Offset printing Guide, Meaning , Facts, Information and Description
The Offset Printing process
The advantages of offset printing include:
- Consistent high image quality -- sharper and cleaner than letterpress because the rubber blanket conforms to the texture of the printing surface
- Usability on a wide range of printing surfaces in addition to smooth paper (e.g., wood, cloth, metal, leather, rough paper)
- Quick and easy production of printing plates
- Longer plate life than on direct litho presses -- because there is no direct contact between the plate and the printing surface.

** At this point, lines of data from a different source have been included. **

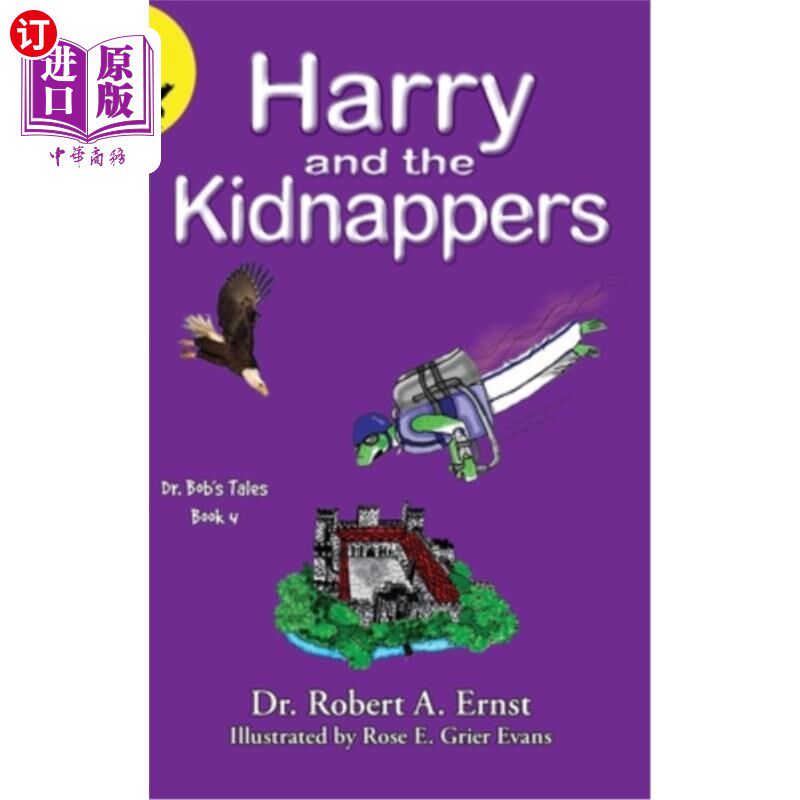 海外直订Harry and the Kidnappers 哈利和绑架者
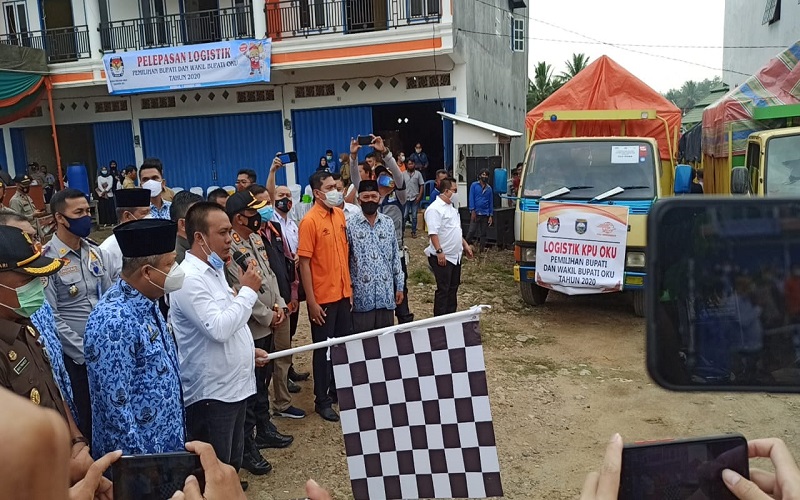 27 TPS di OKU Sulit Dijangkau, KPU Siapkan Kendaraan Khusus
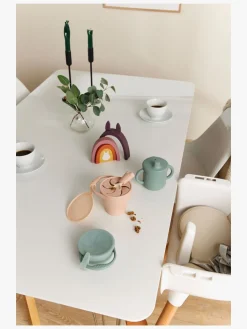 PetiteCherie Spisetid-Petite Chérie Ines Madkop Silikone, Dusty Pink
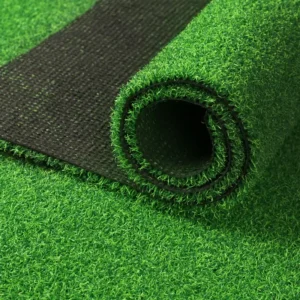 Artificial PEPP Ultra-Dense Non-Slip Lawn Carpet for Kindergarten Outdoor Wedding Sports Venues Green Grass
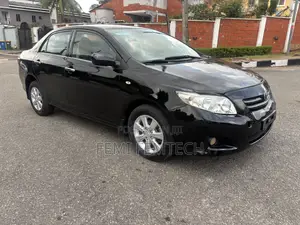 Toyota Corolla 2009 Black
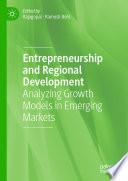 Entrepreneurship and Regional Development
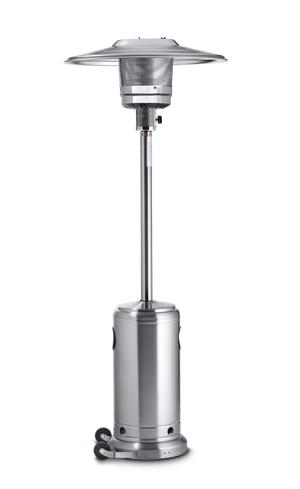 Crown Verity Heaters Crown Verity Patio heater, stainless steel, propane c/w reflector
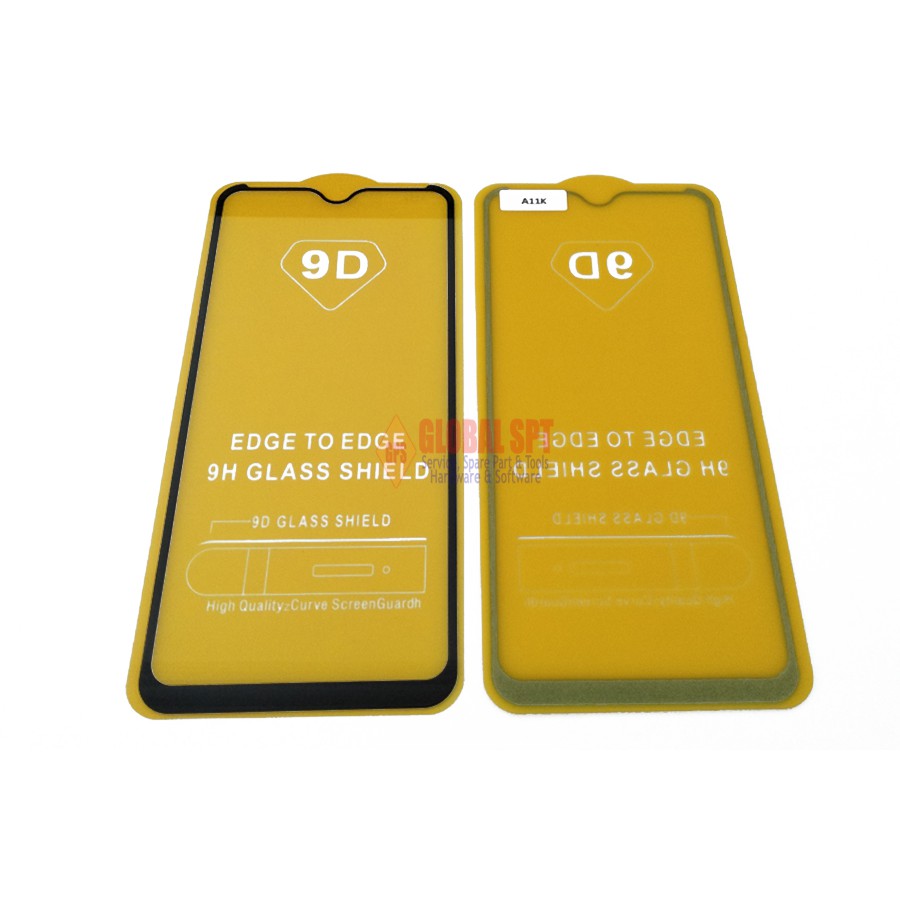 ANTIGORES KACA FULL WARNA OPPO A11K / ANTI GORES / AG TG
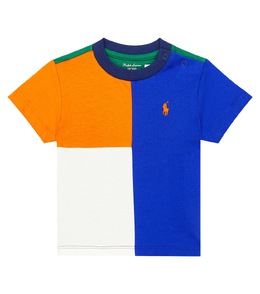 Polo Ralph Lauren Kids: Хлопковая футболка 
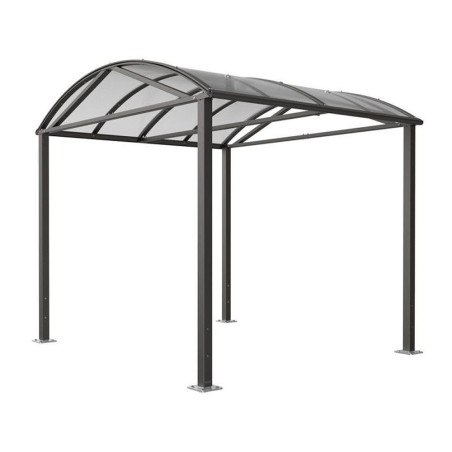 Passage couvert voûté gris module initial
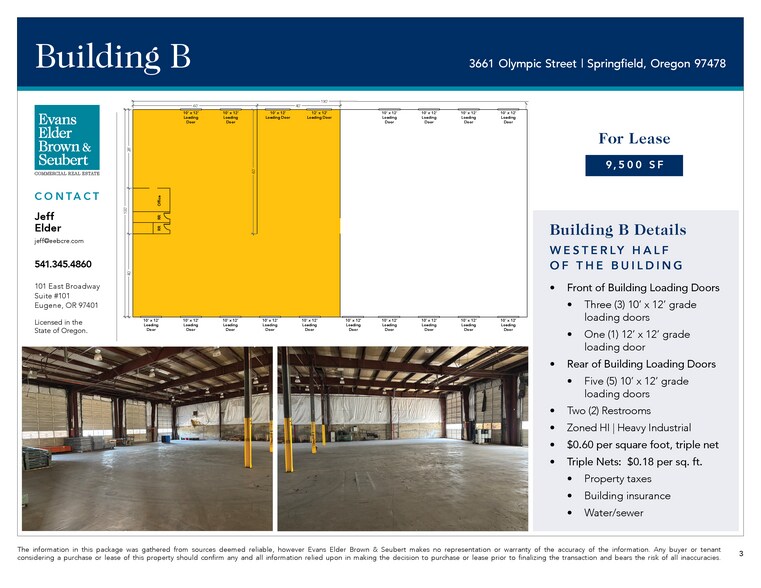 More Photos Of Olympic St, Springfield Unknown For Lease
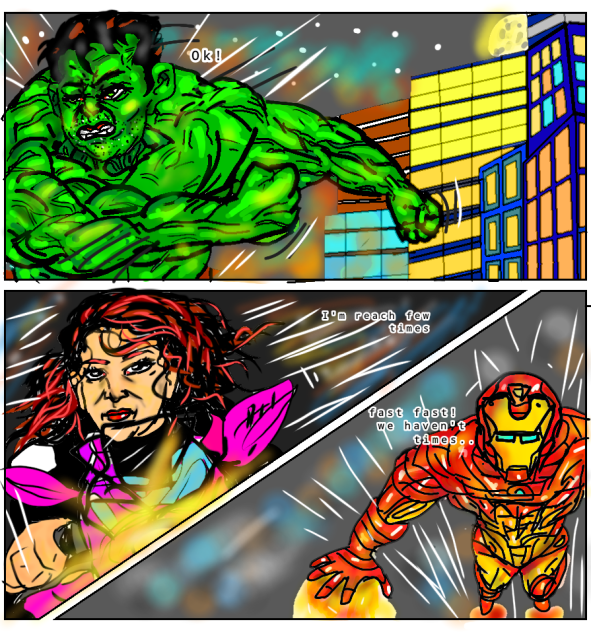 Avengers  (MARVEL) Parts 2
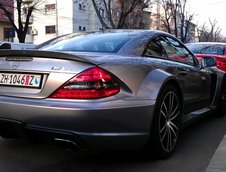 Mercedes SL65 AMG Black Series in Romania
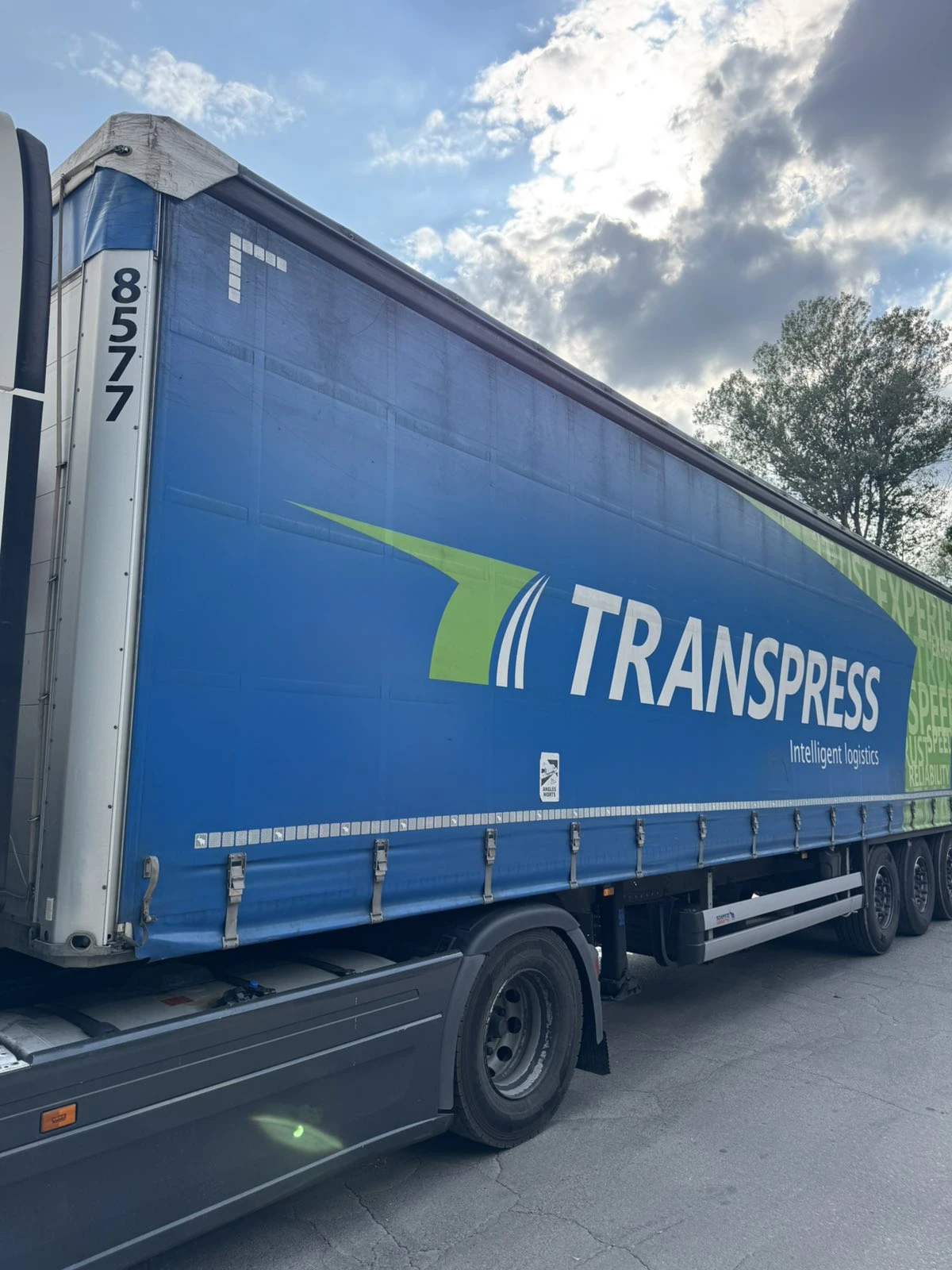 Полуремарке Schmitz SCB S2T, снимка 3 - Ремаркета - 55625469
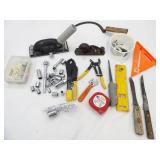 Hardware and Hand Tools Lot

The first person to use an offset press to print on paper was probably American Ira Washington Rubel in 1903. He got the idea accidentally by noticing that whenever a sheet of paper was not fed into his lithographic press during operation, the stone printed its image to the rubber-covered impression cylinder, and the next impression had an image on both sides: direct litho on the front and an image from the rubber blanket on the back. Rubel then noticed that the image on the back of the sheet was much sharper and clearer than the direct litho image because the soft rubber was able to press the image onto the paper better than the hard stone. He soon decided to build a press which printed every image from the plate to the blanket and then to the paper. Brothers Charles and Albert Harris independently observed this process at about the same time and developed an offset press for the Harris Automatic Press Company soon after.
Harris designed his offset press around a rotary letterpress machine. It used a metal plate bent around a cylinder at the top of the machine that pressed against ink and water rollers. A blanket cylinder was positioned directly below, and in contact with, the plate cylinder. The impression cylinder below pressed the paper to the blanket in order to transfer the image to the sheet (see diagram). While this basic process is still used today, refinements include two-sided printing and web feeding (using rolls of paper rather than sheets).
During the 1950s, offset printing became the most popular form of commercial printing as improvements were made in plates, inks and paper, maximizing the technique's superior production speed and plate durability. Today, the majority of printing, including newspapers, is done by the offset process.